WHAT THE RESEARCH IS:

A strong, novel baseline for sentence embeddings that requires no training whatsoever. We explored various methods for computing sentence representations from pretrained word embeddings without any additional training. The aim is to put sentence embeddings on a more solid footing by 1) looking at how much modern sentence embeddings gain from training (surprisingly little, as it turns out); and 2) providing the field with more appropriate (and quite strong) baselines going forward.

HOW IT WORKS:

A sentence embedding is a vector representation, where sentences are mapped to sequences of numbers that represent their meaning. This is often created by transforming word embeddings through a composition function. Sentence embeddings are a hot topic in natural language processing (NLP) because they facilitate better text classification than using word embeddings alone. Given the pace of research on sentence representations, it is important to establish solid baselines to build upon.

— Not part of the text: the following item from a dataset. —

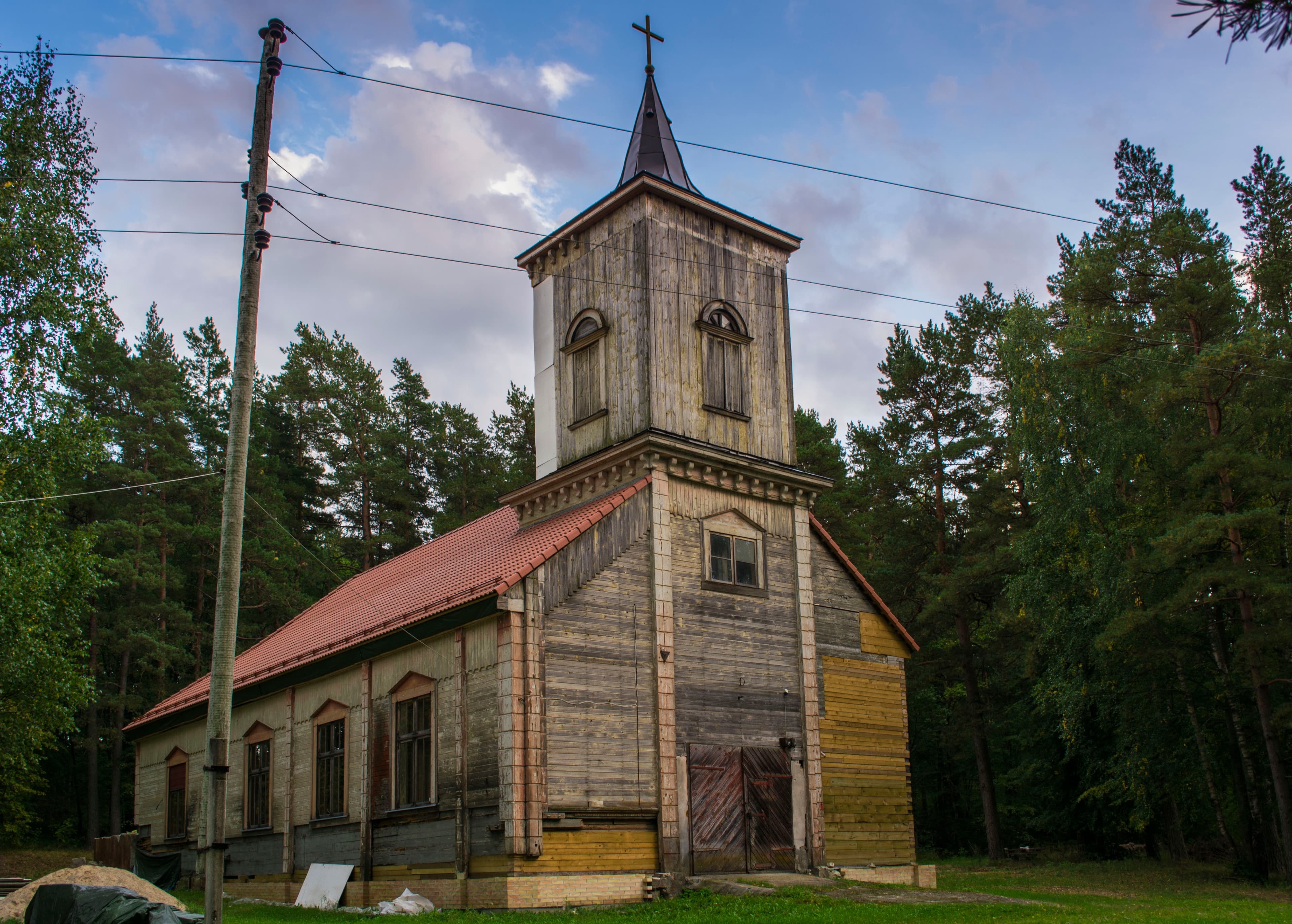 Carnikava Lutheran church in Siguļi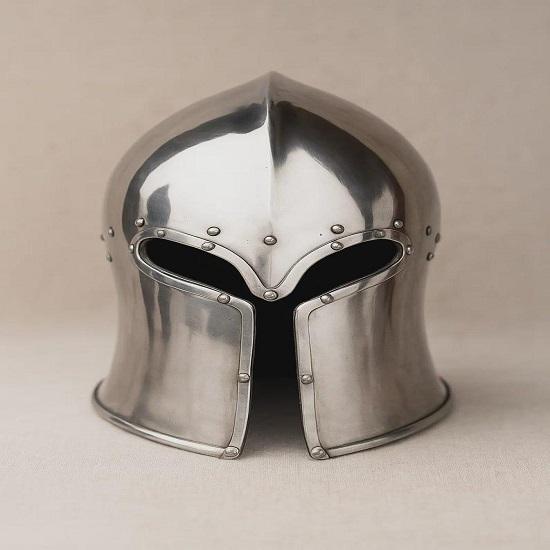 Medieval Knight Steel Helmet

We set out to determine what was gained, if anything, by using current state-of-the-art methods rather than random methods that combine nothing but pretrained word embeddings. The power of random features has long been known in the machine learning community, so we applied it to this NLP task. We explored three methods: bag of random embedding projections, random LSTMs, and echo state networks. Our findings indicated that much of the lifting power in sentence embeddings comes from word representations. We found that random parameterizations over pretrained word embeddings constituted a very strong baseline and sometimes even matched the performance of well-known sentence encoders such as SkipThought and InferSent. These findings impose a strong baseline for research in representation learning for sentences going forward. We also made important observations about proper experimental protocol for sentence classification evaluation, together with recommendations for future research.

WHY IT MATTERS:

While there has been much research on sentence encoders recently, the relationship between word embeddings and sentence embeddings remains poorly understood by NLP researchers. With the field moving so quickly, comparisons between different methods aren’t always done properly. It is important to take a step back every once in a while to try to get a deeper understanding of existing state-of-the-art methods and to analyze why they work. By providing new insights into sentence embeddings, and by imposing stronger baselines, this work improves our collective understanding of how neural networks represent and understand language. We have shared our findings on github.